Exact differential equations are first-order differential equations of the form $$\displaystyle{ M(x,y)~dx + N(x,y)~dy = 0 }$$ where $$M_y = N_x$$. The requirement that $$M_y = N_x$$ means the differential equation is what we call exact.

classification: this technique applies to first-order differential equations

$$M(x,y)~dx + N(x,y)~dy = 0$$ and $$M_y = N_x$$

Here are some equivalent ways of writing this differential equation.

 $$\displaystyle{ M(x,y)~dx + N(x,y)~dy = 0 }$$ $$\displaystyle{ M(x,y) + N(x,y)y' = 0 }$$ $$\displaystyle{ M(x,y) + N(x,y)\frac{dy}{dx} = 0 }$$

How To Solve

Lets jump right into a video to see how we solve these. Here is a great video clip explaining the technique and showing a couple of examples.

### Dr Chris Tisdell - exact equations [1hr-6mins-16secs]

video by Dr Chris Tisdell

In the video above, he does a good job of emphasizing that, before you start actually solving the differential equation, you need to make sure it is exact by calculating $$M_y$$ and $$N_x$$ and checking that they are equal.
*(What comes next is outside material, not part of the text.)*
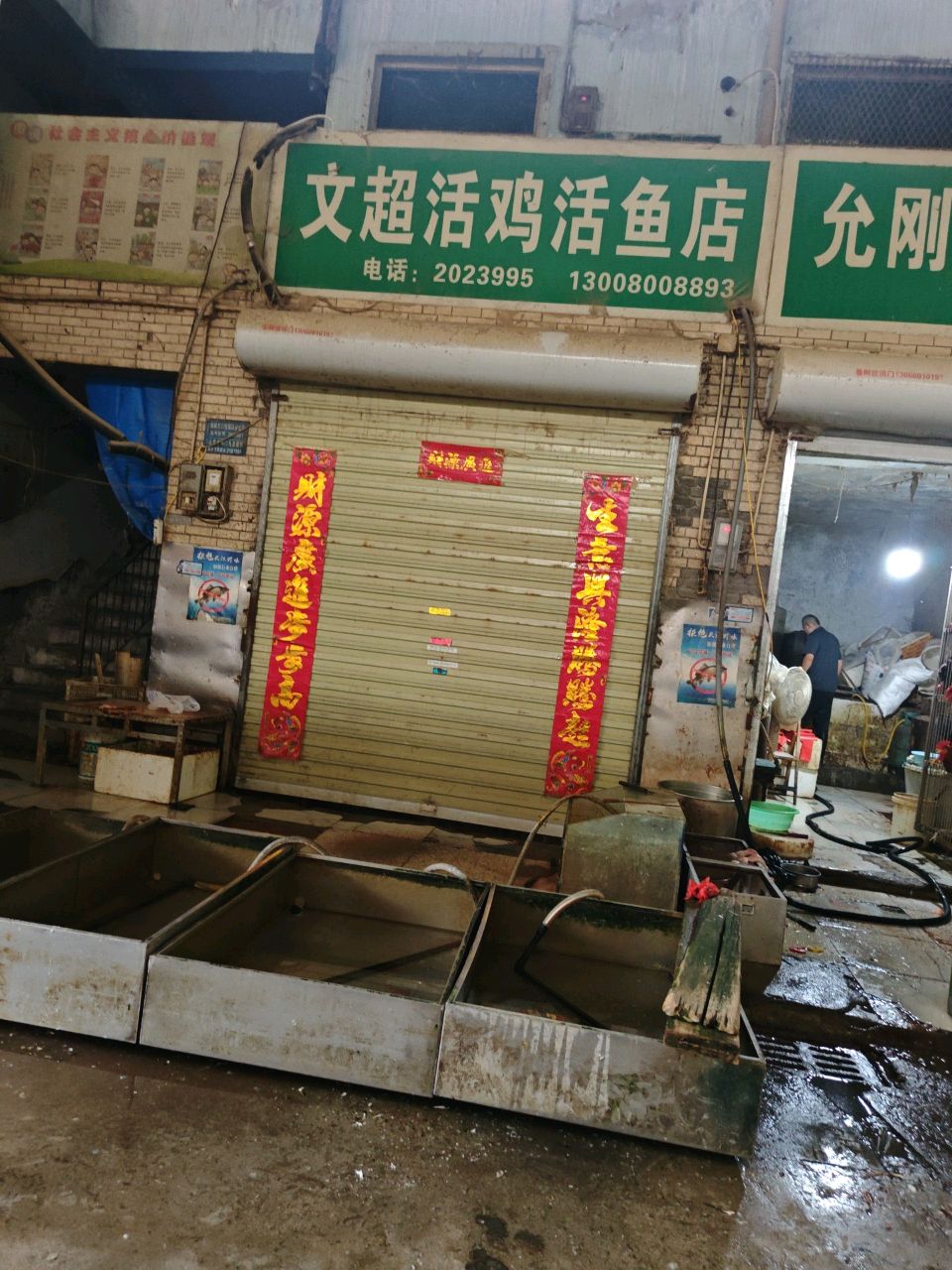 文超活鸡活鱼店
Otherwise, this technique will take you down a path that leads nowhere. Most instructors will take off points if you don't show work that you did this. So check with your instructor. But even if they don't take off points, it could save you a lot of time on homework and exams if you do this and it takes only a few seconds. So it is a good investment of your time.

The main difference with these types of problems is that you need to remember the constant of integration is actually a function of integration. This occurs because we are taking the partial integral of one variable while holding the other variable constant. This concept is covered in detail on the multi-variable partial integration page.

Here is another video that is very similar to the first one, with a few different examples. But watching this one also, will help you understand this technique better.

### Dr Chris Tisdell - more exact equations [23mins-3secs]

video by Dr Chris Tisdell

Integrating Factors

If we have a first-order equation of the form $$M(x,y)~dx + N(x,y)~dy = 0$$ but $$M_y \neq N_x$$, i.e. the equation is not exact (also called inexact), we may be able to convert the equation to exact using integrating factors. You first came across integrating factors when you studied linear, first-order equations. This technique also uses an integrating factor but it is calculated differently.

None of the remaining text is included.